Nationally, respondents listed top issues that are in line with issues former Vice President Joe Biden has emphasized — racism and healthcare were ranked second and forth. The issues President Donald Trump has emphasized — the economy and crime and violence — were ranked third and fifth.
Among respondents who listed racism as a number two issue, four out of five said they would vote for Biden. Of respondents who listed crime and violence as their number two issue, two out of three said they would vote for Trump.
By state, however, researchers found more of a discrepancy in voters’ key issues beyond COVID-19. Racism, healthcare, and crime and violence were the top three issues in 43 out of 50 states with 17 choosing racism, 18 choosing crime and violence, and eight choosing healthcare as number one.
In key swing states, the study found a shift between September and October from the issues Biden highlights and the issues Trump highlights.

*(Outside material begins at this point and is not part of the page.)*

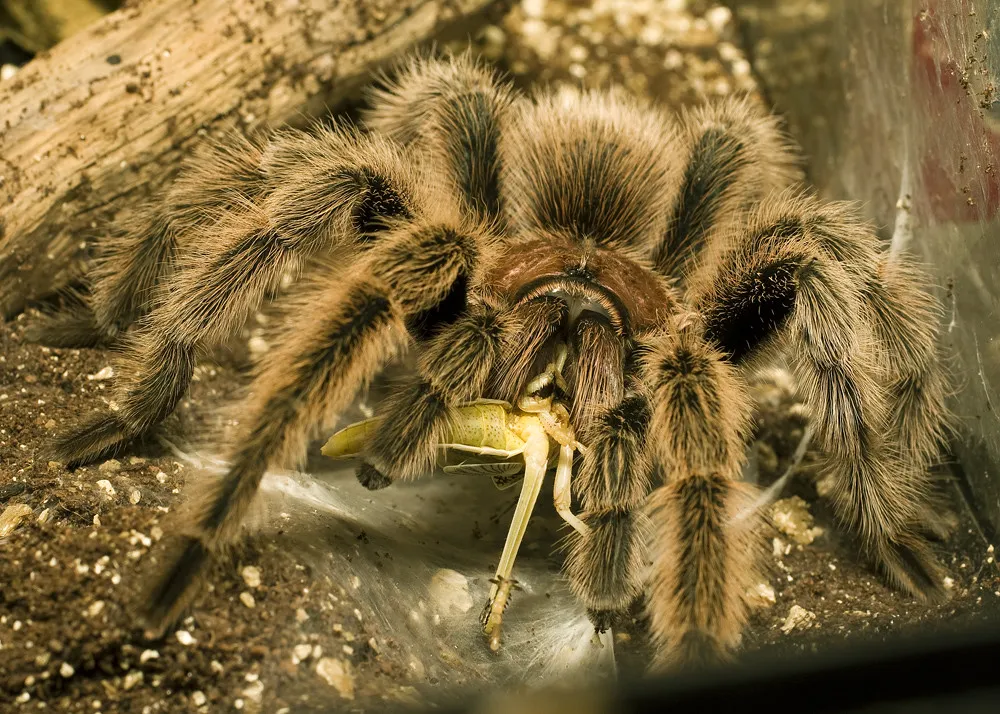 18366 fruit flies tarantulas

While racism was the number two issue in both Wisconsin and Florida during the September wave of the survey, the majority top issue shifted to the economy in both states by October.
The study also showed a clear correlation between top issues and the demographics of voters, including partisanship, age and race or ethnicity. Democrats most frequently cited racism, climate change and healthcare as issues. Republicans chose healthcare but also crime and violence, abortion and the economy as top concerns. While White respondents were most likely to name healthcare as their top issue after COVID-19, Black respondents were most likely to choose racism and were far more likely than any other ethnic group to choose racism or police brutality as number one issues, even above COVID-19.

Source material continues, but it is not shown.